I got home late last night--late enough to have missed the first seven innings of the first World Series game. It was another frustrating--perhaps futile day at work--but I had no time for that. The land line was ringing and that could mean only one thing, Uncle Slappy was on the phone.
I don't know why people of my generation still have land lines. The only ones that call us on it are telemarketers, high-priced telemarketers (aka politicians seeking office) or even older loved ones like Uncle Slappy.
Slappy, in fact, does have a cell phone, but like many of his ilk, he leaves it turned off lest he rack up ungodly charges. He doesn't quite understand how the billing of the things works, so to be on the safe side, he abjures from using it at all.
"Boychick," he poked, as soon as I picked up the blower. "Boychick," he said by way of 'hello.' "Have I ever told you the story of Tillie Tickets?"
I turned the Mets game on the TV and turned the volume off. I settled into my favorite chair, and made myself ready for yet another episode of the Uncle Slappy Show.
"Tillie Tickets," I answered dumbly. "I don't believe I've heard of her."
"Tillie," the old man harumphed, "like much of the Upper West Side in the 70s was a widow in a seven room apartment with a river view, a rotary phone, a cat and a threadbare Oriental rug, was living on a fixed income. An admixture of about $90 a week from Social Security and $120 a week from when she was a teacher in the Bronx before it changed."

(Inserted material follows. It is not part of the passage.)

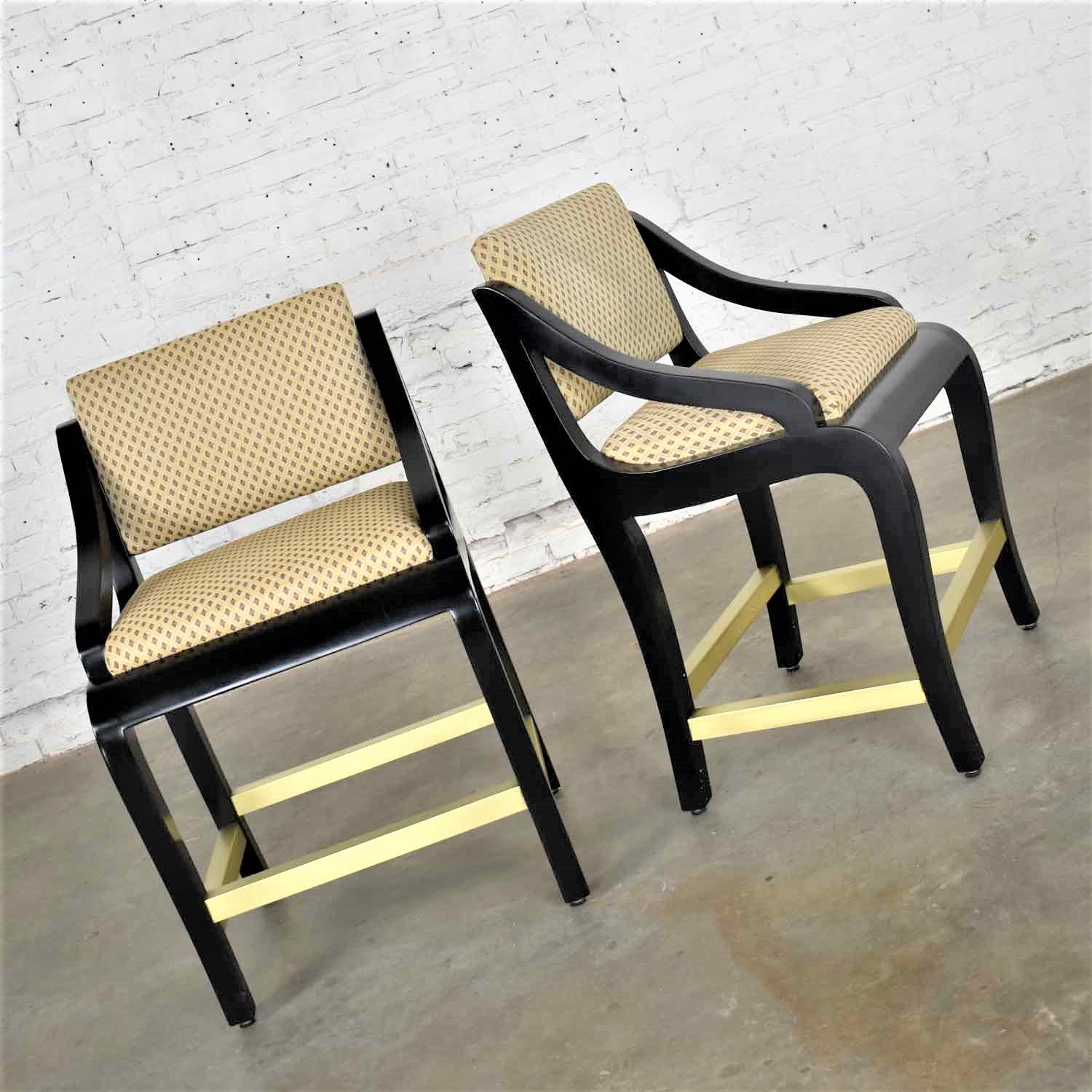 Vintage Modern Black Painted Brass & Upholstered Counter Height Bar Stools, a Pair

"Not a lot of live on," I observed.
"She made do. That's how Jews have survived for 6000 years. She wasn't eating filet mignon, but she wasn't eating cat food either. Besides, Tillie Tickets found a way to supplement her income."
"Go on," I added unnecessarily.
"The two things the elderly did in those days to scrape by were 'bruised fruit Tuesdays at Fairway' and free samples at Zabar's. By the way, I was in the service. I've been in combat. You've never seen hurly burly like bruised fruit at Fairway. Do you know what it means to an alte cocker on a fixed income to get a slightly bruised cantaloupe for only 19-cents?

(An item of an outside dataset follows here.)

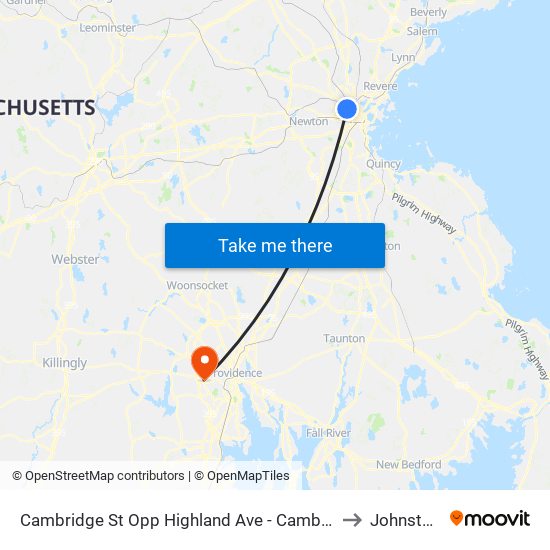 Cambridge St Opp Highland Ave - Cambridge Hospital to Johnston, RI map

"In any event, it was at Zabar's where Tillie Tickets earned her fame. At the fish counter, where they give out the free samples, she noticed a lot of people, frustrated by how slow the lines moved, would leave their 'now-serving' ticket on the counter and abandon their wait.
"Tillie would grab these tickets and sell them to the highest bidder. Sounds stupid, right. But when the 'now serving' sign is on 19 and you have number 79, no question you'll slip an old lady a fiver for a 26 or three bucks for a 32.

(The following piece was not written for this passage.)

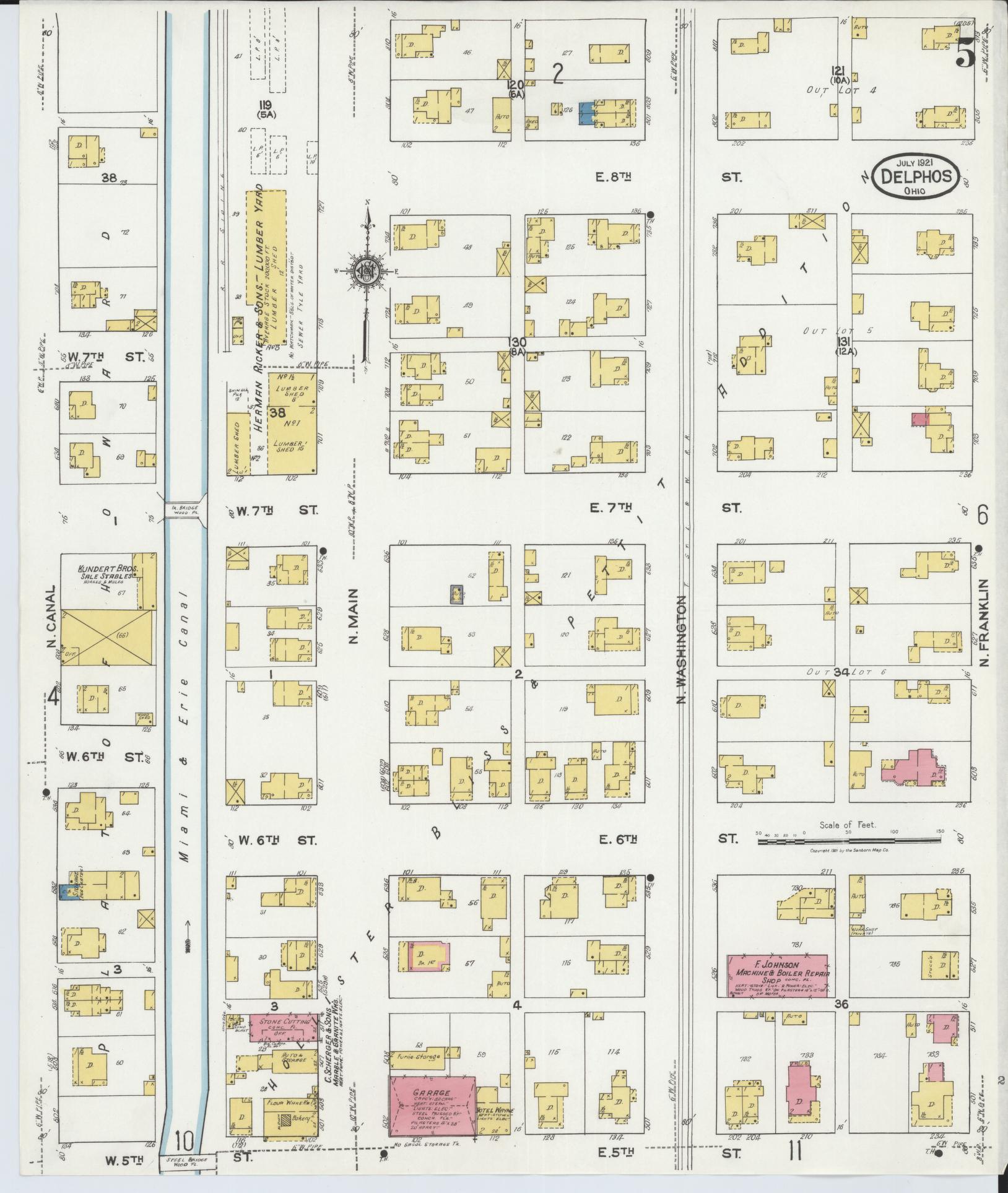 Sanborn Fire Insurance Map from Delphos, Van Wert And Allen Counties, Ohio (1921), Sheet #0005 - Historic Sanborn Fire Insurance Map Print, vintage old map wall art, antique decor, genealogy gift, Ohio Ohio map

"Before long, Tillie Tickets was pulling in a good $20 a day re-selling discarded tickets. This in addition to all the free samples of lox she was getting."
At this point the old man took a pause. I took a sip of my soda water and bid him go on.
"In the end," Uncle Slappy continued, "Saul Zabar, the owner of the place, got wind of it. And justice came down hard on Tillie."
"He called the cops?"
"No, worse. He barred her from the store on weekdays."
"Exiled to the Gulag Delipelago."
"However, Saul Zabar is a mensch, and it all worked out."
I breathed a long sigh of relief.
"Each Monday to her apartment he had delivered a dozen bagels, assorted. A pound of lox, sliced thin. And..."
"And..."
"A cantaloupe. Unbruised. A mensch," he said, hanging up the land line.